Trading took off rather slowly today. European stock markets spiked higher after the opening bell, catching up with the US (Friday) and Asia, but couldn’t generate additional momentum afterwards. We remain very skeptical against stock markets’ performance in April, which seems out of line with the severity of the economic damage caused by current lockdowns and slow exit strategies. US Treasuries underperformed German Bunds ahead of tonight’s start of the US Treasury’s end-of-month refinancing operation. They hold a dual auction with both 2-yr and 5-yr Notes on offer. The US yield curve bear steepens with yields adding 0.4 bps (2-yr) to 2.7 bps (30-yr). The German yield curve bear steepens with yields up 2.9 bps (2-yr) to 1.2 bps (30-yr). 10-yr yield spread changes vs Germany narrow by 6/7 bps for Portugal/Spain and by 11/12 bps for Italy and Greece. The latter two countries escaped rating downgrades by S&P last Friday. The Italian BBB rating (negative outlook) was left intact as the ECB’s actions make Italian debt financeable, balancing deteriorating public finances. The outlook on the Greek rating (BB-) was revised from positive to stable. However, the country has very little outstanding marketable debt following the 2012 restructuring. The gentle positive risk sentiment (dollar negative) and rallying peripherals (euro positive) tilted the balance in favour of a higher EUR/USD (1.08 to 1.0850). EUR/GBP changes hands in the low 0.87 area.
The Japanese central bank this morning decided to remove the cap from its government bond buying programme and to raise the amount of corporate bond purchases. The move was flagged last week and didn’t deal losses to the Japanese yen. On the contrary, USD/JPY falls to first support in the 106.92 area on the back of dollar weakness. Other major central banks meet this week as well with the Fed on Wednesday and the ECB on Thursday. No policy action is expected for the Fed, but Minutes of the previous two, extraordinary meetings, showed that some governors were already exploiting the use of a new sort of policy guidance. This could for example keep policy rates near the zero lower bound until both inflation and unemployment hit predetermined levels. Other options include numeric targets for US yields across the curve. The current unlimited QE programme already serves as de facto curve control but other central banks went already further (eg BoJ). The ECB conjures on Thursday. The current pace of asset purchases (nearly €5bn/day) would imply that PEPP/APP targets will be reached before the end of the year. The ECB could be thinking about an extension in line with for example the US, which includes so called fallen angels (debt from corporates/sovereigns who haven been stripped from their investment grade rating during the coronacrisis).
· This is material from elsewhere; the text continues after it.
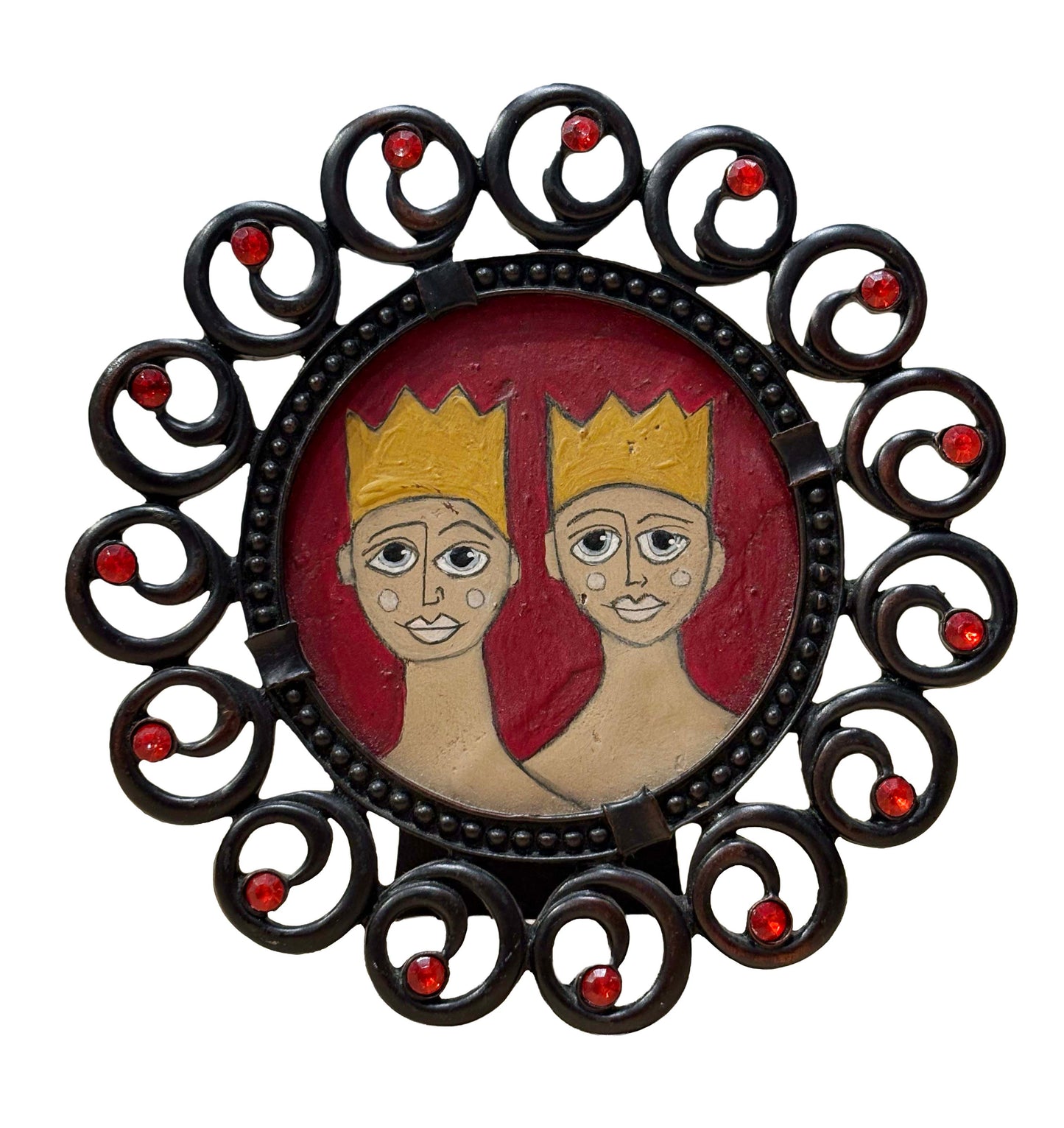 When In Doubt Wear Red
Last week the central bank already announced to make such debt eligible as collateral in its refinancing operations.
The EU will reportedly offer banks capital relief through relaxed calculations of the leverage ratio that measures capital against the total amount of risk-weighted assets, to spur lending to businesses battered by the coronacrisis whilst avoiding having to make crippling loan loss provisions.
French jobless claims surged by a record 7.1% in March as the nationwide lockdown due to the corona outbreak is taking its toll on the country’s labour market. The number of short-term/temporary contracts rose sharply while the number of people getting jobs dropped significantly. Moreover, companies have put an astonishing 10.8mln people – more than half of private sector workers – on state-subsidized furloughs.
The EU reportedly considers allowing member states to provide state aid to companies through subordinated debt injections under favourable terms to weather the coronacrisis. Under the proposal, the amount of subordinated debt that may be granted at discounted interest rates to NFCs shouldn’t exceed 40% of the annual wage bill of the beneficiary company and 5% of the company’s total turnover in 2019.